More on the Surge and the Political Realities of Iraq

This week has been an unmitigated disaster for McCain in the foreign policy arena, supposedly the source of his greatest advantage. Apart from the Maliki government asserting its opinion that US troops should begin preparations for withdrawal, McCain exhibited quite ably his inability to grasp anything in international relations beyond that of 'gut feeling,' a reality that became more clear each time McCain tried to walk back his previous statements.

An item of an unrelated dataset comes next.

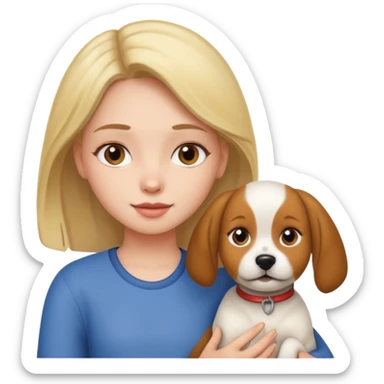 A girl holding a dog sticker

After expressing anachronistic support for the efficacy of the Surge, McCain was forced to create a new history, explaining that the Surge was actually just a term employed to describe a general counterinsurgency strategy that began well before anybody thought to mention it. A nice try, but an argument that simply doesn't hold up under scrutiny, like most of McCain's policy statements. The term 'Surge' has been used from the start to describe the increase in US troops beginning in February 2007, to go back and retroactively apply the term to a overarching strategy post mortem flies in the face of 17 months of use.

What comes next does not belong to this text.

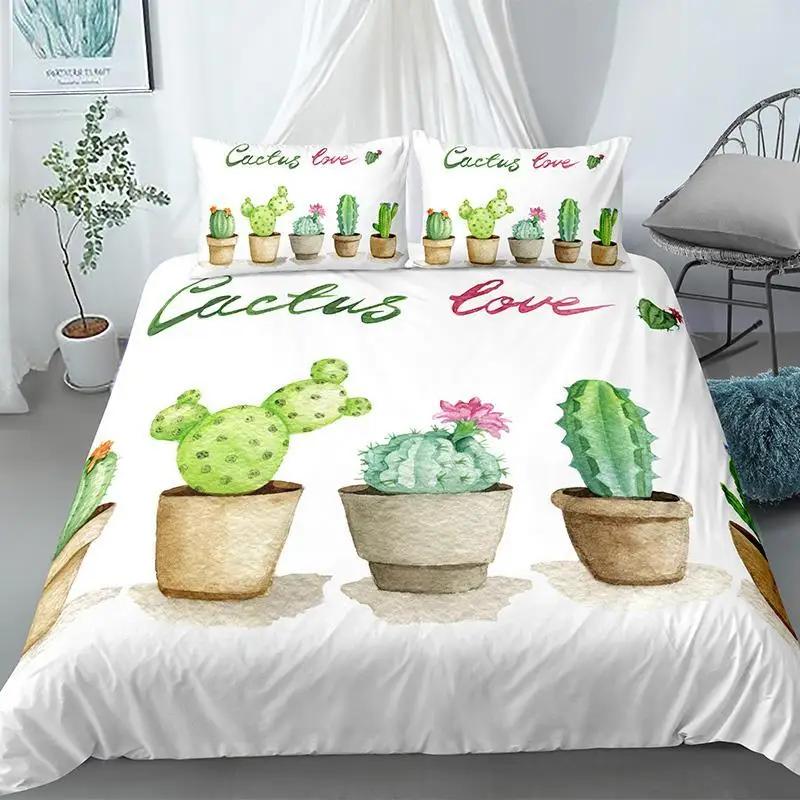 Cactus Duvet Cover Set Exotic Plant Prickly Pear Succulents Bedding Set Kids Teens I Love Cactus King Size Polyester Quilt Cover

But even if we allow for a midstream change of definition, McCain's claim that "the Surge has succeeded" doesn't hold up under his own definition of the term.

By controlling the violence, we can pave the way for a political settlement. Once the government wields greater authority, however, Iraqi leaders must take significant steps on their own. These include a commitment to go after the militias, a reconciliation process for insurgents and Baathists, a more equitable distribution of government resources, provincial elections that would bring Sunnis and the government, and a large increase in employment-generating economic projects.

In other words, the true aim of the Surge was exactly what Barack Obama and everyone else has been saying it was, political reconciliation, and on that front the Iraqis have failed miserably. They've pushed back provincial elections into next year, the country is still a broken arrangement of fiefdoms, and there is still no plan for dispersement of oil money to name just a few shortcomings.

The Maliki government has indeed gone after militias, most notably in Basra, but even that operation failed to achieve a pure strategic victory, as the most recent issue of Newsweek examines in a profile of the governor of Basra, Mohammed Waeli. Waeli exemplifies the ambiguities of enemies and allies that both Bush and McCain declare they ignore in favor of a 'gut' approach to foreign policy. On paper, Waeli, as a government official, is a friend of the US and Maliki and a ally in the fight against insurgents and Iran. In reality, he is an opportunist who has made millions off of oil smuggling and overseen the transformation of Basra from relatively liberal (for the Middle East) into a Shiite fundamentalist city indicative of Iranian influence throughout eastern and southern Iraq.

Even as Maliki and the US forces must concern themselves with insurgents from the street, they must also battle officials like Waeli who have carved out a profitable niche and will be reluctant to give it up in favor of political reconciliation. Waeli is an indication of the realities facing the country as a whole, a vast, diverse collection of power centers resistant to becoming part of a united whole. The number of US troops in Iraq has little bearing on solving that core issue.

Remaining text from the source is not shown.